_EXERCISE MATERIAL_

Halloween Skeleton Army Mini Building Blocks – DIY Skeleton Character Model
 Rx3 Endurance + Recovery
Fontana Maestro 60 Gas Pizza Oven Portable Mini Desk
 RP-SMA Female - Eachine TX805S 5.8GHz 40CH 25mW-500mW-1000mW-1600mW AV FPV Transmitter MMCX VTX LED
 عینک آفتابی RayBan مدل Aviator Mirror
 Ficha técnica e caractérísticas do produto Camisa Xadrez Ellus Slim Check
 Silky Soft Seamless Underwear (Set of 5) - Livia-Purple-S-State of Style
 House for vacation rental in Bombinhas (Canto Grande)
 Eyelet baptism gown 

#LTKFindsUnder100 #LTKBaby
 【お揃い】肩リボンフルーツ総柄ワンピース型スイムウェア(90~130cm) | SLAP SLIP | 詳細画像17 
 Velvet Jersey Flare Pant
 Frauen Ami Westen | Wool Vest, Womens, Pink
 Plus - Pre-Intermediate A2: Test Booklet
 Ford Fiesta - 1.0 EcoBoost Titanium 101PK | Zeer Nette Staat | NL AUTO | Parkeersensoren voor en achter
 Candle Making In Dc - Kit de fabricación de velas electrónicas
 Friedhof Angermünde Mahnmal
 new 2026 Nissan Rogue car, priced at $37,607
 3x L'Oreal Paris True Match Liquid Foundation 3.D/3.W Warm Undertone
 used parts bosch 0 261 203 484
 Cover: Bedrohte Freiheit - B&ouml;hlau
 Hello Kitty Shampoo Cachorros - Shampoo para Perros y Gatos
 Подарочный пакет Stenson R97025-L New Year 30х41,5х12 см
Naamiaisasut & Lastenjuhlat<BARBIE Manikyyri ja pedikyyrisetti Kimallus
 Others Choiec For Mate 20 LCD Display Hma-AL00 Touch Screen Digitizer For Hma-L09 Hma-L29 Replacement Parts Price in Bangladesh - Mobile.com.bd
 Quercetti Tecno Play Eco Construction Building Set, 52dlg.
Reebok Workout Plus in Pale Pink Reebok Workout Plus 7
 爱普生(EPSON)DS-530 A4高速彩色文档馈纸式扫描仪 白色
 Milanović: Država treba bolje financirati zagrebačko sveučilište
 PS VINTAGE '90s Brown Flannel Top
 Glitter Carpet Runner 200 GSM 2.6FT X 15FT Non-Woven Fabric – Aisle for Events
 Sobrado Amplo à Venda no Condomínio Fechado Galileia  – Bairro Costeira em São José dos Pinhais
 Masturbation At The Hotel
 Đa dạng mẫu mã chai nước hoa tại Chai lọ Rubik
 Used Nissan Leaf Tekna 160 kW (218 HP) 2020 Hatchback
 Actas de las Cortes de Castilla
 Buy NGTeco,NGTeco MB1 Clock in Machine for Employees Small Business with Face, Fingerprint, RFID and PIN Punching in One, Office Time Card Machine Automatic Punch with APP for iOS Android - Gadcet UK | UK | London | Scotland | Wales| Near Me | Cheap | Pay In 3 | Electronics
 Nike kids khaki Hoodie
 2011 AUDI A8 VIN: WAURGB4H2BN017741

_WHAT IS NEEDED_
Write all of the records out again exactly.

_WRITTEN SOLUTION_
Halloween Skeleton Army Mini Building Blocks – DIY Skeleton Character Model
 Rx3 Endurance + Recovery
Fontana Maestro 60 Gas Pizza Oven Portable Mini Desk
 RP-SMA Female - Eachine TX805S 5.8GHz 40CH 25mW-500mW-1000mW-1600mW AV FPV Transmitter MMCX VTX LED
 عینک آفتابی RayBan مدل Aviator Mirror
 Ficha técnica e caractérísticas do produto Camisa Xadrez Ellus Slim Check
 Silky Soft Seamless Underwear (Set of 5) - Livia-Purple-S-State of Style
 House for vacation rental in Bombinhas (Canto Grande)
 Eyelet baptism gown 

#LTKFindsUnder100 #LTKBaby
 【お揃い】肩リボンフルーツ総柄ワンピース型スイムウェア(90~130cm) | SLAP SLIP | 詳細画像17 
 Velvet Jersey Flare Pant
 Frauen Ami Westen | Wool Vest, Womens, Pink
 Plus - Pre-Intermediate A2: Test Booklet
 Ford Fiesta - 1.0 EcoBoost Titanium 101PK | Zeer Nette Staat | NL AUTO | Parkeersensoren voor en achter
 Candle Making In Dc - Kit de fabricación de velas electrónicas
 Friedhof Angermünde Mahnmal
 new 2026 Nissan Rogue car, priced at $37,607
 3x L'Oreal Paris True Match Liquid Foundation 3.D/3.W Warm Undertone
 used parts bosch 0 261 203 484
 Cover: Bedrohte Freiheit - B&ouml;hlau
 Hello Kitty Shampoo Cachorros - Shampoo para Perros y Gatos
 Подарочный пакет Stenson R97025-L New Year 30х41,5х12 см
Naamiaisasut & Lastenjuhlat<BARBIE Manikyyri ja pedikyyrisetti Kimallus
 Others Choiec For Mate 20 LCD Display Hma-AL00 Touch Screen Digitizer For Hma-L09 Hma-L29 Replacement Parts Price in Bangladesh - Mobile.com.bd
 Quercetti Tecno Play Eco Construction Building Set, 52dlg.
Reebok Workout Plus in Pale Pink Reebok Workout Plus 7
 爱普生(EPSON)DS-530 A4高速彩色文档馈纸式扫描仪 白色
 Milanović: Država treba bolje financirati zagrebačko sveučilište
 PS VINTAGE '90s Brown Flannel Top
 Glitter Carpet Runner 200 GSM 2.6FT X 15FT Non-Woven Fabric – Aisle for Events
 Sobrado Amplo à Venda no Condomínio Fechado Galileia  – Bairro Costeira em São José dos Pinhais
 Masturbation At The Hotel
 Đa dạng mẫu mã chai nước hoa tại Chai lọ Rubik
 Used Nissan Leaf Tekna 160 kW (218 HP) 2020 Hatchback
 Actas de las Cortes de Castilla
 Buy NGTeco,NGTeco MB1 Clock in Machine for Employees Small Business with Face, Fingerprint, RFID and PIN Punching in One, Office Time Card Machine Automatic Punch with APP for iOS Android - Gadcet UK | UK | London | Scotland | Wales| Near Me | Cheap | Pay In 3 | Electronics
 Nike kids khaki Hoodie
 2011 AUDI A8 VIN: WAURGB4H2BN017741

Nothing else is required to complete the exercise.